A universal set of standards still seem like a long way off according to our industry conversations, but hopefully with the recently growing popularity of PR measurement and analytics technologies, the Barcelona Principles will begin to see wider adoption. They are the closest we’ve come to industry standards, and standards bring credibility. If brands begin to demand measurement based on these principles, PR agencies will have to follow suit. Seems like there’s some competitive advantage for agencies to be innovative here, and push better measurement proactively to win business over agencies who don’t provide analytical reporting.

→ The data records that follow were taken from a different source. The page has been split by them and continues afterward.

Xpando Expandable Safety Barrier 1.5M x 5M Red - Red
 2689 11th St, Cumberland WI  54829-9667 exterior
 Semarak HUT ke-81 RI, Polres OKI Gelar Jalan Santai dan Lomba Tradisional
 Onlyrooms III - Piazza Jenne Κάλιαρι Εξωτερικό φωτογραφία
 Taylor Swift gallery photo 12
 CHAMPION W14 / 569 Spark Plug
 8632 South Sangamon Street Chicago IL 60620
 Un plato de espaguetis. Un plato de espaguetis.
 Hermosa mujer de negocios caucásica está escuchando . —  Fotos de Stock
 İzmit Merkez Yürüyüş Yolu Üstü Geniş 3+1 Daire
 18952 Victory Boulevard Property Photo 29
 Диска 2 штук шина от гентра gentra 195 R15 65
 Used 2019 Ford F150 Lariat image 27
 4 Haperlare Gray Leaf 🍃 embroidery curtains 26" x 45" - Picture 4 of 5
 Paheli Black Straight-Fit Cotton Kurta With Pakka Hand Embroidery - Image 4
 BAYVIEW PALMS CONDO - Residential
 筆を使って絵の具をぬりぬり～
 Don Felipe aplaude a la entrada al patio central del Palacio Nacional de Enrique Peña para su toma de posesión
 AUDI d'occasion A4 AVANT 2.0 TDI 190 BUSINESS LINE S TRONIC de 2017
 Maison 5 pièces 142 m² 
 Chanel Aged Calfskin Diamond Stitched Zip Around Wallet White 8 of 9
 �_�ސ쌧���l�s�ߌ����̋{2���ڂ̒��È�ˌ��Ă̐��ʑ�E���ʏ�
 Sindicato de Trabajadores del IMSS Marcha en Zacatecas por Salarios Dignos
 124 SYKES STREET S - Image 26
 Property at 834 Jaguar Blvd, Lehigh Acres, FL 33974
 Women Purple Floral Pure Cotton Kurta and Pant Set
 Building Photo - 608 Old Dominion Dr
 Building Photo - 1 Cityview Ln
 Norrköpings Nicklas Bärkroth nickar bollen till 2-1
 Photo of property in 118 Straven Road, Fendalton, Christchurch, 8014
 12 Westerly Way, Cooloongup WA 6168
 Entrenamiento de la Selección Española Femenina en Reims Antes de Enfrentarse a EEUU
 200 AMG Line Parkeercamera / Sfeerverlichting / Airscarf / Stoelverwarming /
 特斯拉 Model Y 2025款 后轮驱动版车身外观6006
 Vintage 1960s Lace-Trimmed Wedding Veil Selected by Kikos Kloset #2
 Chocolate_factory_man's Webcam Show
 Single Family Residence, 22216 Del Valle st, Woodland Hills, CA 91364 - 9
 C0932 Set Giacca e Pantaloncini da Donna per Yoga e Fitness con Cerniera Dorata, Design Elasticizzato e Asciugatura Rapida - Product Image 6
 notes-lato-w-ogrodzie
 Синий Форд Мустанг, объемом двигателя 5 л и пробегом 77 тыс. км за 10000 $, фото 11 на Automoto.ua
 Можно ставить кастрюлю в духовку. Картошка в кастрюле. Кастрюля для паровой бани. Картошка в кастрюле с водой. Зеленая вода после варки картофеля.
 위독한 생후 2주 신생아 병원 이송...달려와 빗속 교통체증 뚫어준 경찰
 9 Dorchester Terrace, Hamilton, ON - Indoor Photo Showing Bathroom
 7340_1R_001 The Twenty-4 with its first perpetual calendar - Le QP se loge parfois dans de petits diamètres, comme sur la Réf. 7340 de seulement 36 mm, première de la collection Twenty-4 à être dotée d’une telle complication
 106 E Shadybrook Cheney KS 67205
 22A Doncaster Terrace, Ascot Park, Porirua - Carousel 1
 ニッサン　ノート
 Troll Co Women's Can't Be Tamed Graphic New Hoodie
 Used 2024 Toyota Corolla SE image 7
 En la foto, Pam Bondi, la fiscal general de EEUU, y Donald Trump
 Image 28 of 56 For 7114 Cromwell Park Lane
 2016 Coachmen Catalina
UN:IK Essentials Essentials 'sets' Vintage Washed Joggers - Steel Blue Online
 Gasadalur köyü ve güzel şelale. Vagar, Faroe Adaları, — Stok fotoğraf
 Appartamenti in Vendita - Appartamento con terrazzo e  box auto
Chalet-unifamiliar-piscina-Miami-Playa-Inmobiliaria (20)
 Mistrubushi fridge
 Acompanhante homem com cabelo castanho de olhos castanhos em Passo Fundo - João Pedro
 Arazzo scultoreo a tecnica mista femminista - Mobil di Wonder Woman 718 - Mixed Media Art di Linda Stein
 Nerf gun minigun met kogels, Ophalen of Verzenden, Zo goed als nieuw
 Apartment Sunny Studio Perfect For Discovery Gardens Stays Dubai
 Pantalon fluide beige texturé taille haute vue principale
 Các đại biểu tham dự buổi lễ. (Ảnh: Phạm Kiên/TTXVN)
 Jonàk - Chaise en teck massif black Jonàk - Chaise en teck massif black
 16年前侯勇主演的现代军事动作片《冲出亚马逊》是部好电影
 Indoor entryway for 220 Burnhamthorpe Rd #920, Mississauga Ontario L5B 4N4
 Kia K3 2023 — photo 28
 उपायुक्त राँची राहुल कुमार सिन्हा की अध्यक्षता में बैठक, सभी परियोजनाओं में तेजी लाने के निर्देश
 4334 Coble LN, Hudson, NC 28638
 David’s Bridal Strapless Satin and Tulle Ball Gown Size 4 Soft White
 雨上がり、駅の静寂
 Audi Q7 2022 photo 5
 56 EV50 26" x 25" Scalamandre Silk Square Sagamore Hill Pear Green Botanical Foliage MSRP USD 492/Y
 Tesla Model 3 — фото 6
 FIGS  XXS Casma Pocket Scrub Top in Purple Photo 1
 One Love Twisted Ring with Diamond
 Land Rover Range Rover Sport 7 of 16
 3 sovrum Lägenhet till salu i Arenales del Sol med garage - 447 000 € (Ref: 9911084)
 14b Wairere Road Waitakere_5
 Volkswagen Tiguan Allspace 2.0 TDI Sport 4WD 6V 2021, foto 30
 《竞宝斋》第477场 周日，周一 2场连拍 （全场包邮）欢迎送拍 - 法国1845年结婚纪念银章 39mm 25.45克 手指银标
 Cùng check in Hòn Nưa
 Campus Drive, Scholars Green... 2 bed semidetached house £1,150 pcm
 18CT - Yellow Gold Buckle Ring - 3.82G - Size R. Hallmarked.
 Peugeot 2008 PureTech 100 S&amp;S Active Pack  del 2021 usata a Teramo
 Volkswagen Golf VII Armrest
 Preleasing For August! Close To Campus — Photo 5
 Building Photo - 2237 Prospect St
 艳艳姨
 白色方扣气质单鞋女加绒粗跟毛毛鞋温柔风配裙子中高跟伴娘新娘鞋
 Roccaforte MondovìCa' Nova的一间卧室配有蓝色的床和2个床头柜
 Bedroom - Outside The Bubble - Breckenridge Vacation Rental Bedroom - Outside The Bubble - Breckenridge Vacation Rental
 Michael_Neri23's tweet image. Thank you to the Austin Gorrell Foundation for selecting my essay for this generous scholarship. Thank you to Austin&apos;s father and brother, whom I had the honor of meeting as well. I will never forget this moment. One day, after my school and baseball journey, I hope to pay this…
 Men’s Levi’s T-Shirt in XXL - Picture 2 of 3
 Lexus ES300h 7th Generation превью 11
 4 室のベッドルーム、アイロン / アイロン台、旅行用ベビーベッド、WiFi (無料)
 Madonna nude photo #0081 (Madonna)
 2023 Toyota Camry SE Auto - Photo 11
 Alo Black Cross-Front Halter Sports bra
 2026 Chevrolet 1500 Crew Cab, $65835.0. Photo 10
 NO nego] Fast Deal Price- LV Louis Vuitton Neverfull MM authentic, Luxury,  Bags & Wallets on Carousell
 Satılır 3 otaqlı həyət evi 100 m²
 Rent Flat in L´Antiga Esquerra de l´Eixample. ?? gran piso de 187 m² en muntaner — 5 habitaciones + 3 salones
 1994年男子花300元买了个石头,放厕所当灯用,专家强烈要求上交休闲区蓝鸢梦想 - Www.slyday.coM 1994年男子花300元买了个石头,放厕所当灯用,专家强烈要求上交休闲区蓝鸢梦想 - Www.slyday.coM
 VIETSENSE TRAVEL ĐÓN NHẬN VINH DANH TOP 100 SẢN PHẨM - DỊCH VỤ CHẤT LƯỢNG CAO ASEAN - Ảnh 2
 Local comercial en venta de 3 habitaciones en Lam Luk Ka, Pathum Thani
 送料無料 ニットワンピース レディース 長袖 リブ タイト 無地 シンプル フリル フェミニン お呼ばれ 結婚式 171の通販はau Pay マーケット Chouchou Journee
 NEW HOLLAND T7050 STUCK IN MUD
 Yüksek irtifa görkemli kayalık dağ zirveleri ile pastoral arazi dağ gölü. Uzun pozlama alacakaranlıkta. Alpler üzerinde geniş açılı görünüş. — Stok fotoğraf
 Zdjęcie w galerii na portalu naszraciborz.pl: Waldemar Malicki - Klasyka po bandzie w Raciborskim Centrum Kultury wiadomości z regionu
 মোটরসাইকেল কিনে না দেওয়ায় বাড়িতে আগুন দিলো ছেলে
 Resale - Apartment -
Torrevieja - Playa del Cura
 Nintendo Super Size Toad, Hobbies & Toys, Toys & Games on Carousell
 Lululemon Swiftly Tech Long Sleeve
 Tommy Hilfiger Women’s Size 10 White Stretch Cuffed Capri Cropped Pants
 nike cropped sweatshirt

What we really like in Barcelona Principles 2.0:

  • Changes to Principle #2: Changes from ‘Measuring the effect on outcomes is preferred to measuring outputs’ to ‘Measuring communication outcomes is recommended versus only measuring outputs’. Agencies have to measure output - sometimes it’s the only way to help clients understand what is happening behind the scenes to get results. Results can take time, so outputs matter to assure brands paying an agency retainer that activity is taking place. As we said in this post, PR firms get paid for their time and they therefore feel compelled to report on the time it took them to accomplish something. This is why traditionally, measurement reports (or status reports) outline how many journalists they spoke with or awards submissions they drafted. And that’s okay… as long as their measurement reports also cover what the outcome of such efforts were. What happened as a result of all that writing and pitching?
  • Changes to Principle #5:  From ‘AVEs are not the value of public relations’ to ‘AVEs are not the value of communications’. “The updated principle continues to underline that advertising value equivalents (AVEs) measure the cost of media space or time and do not measure the value of PR or communication, media content, earned media, etc.” So we ask - is your PR analytics provider still measuring this outdated and irrelevant value? If so, they don’t get it.
  • The change overall to distinguish between measurement and evaluation, separating the role of measurement from the role of evaluation as the actual process of using data to make a judgement on value and effectiveness. Yes! This is why we constantly say PR measurement and PR analytics. Measurement is one thing, analysis quite another. You can measure outputs and outcomes, but outcomes should also be analyzed regarding how they created business impact. What was the output investment vs outcome ROI? Even using our PR tech platform, we encourage and help train customers on how to draw conclusions, correlate data and develop stronger strategies when they repeat what’s working and pivot from what isn’t.

We highly recommend that you take a look at the full PRWeek article and familiarize your team with the Principles. Solid measurement continues to be a pain point and bravo to AMEC for stepping up to try and establish industry standards that will help PR to overcome this challenge in a credible and reliable manner.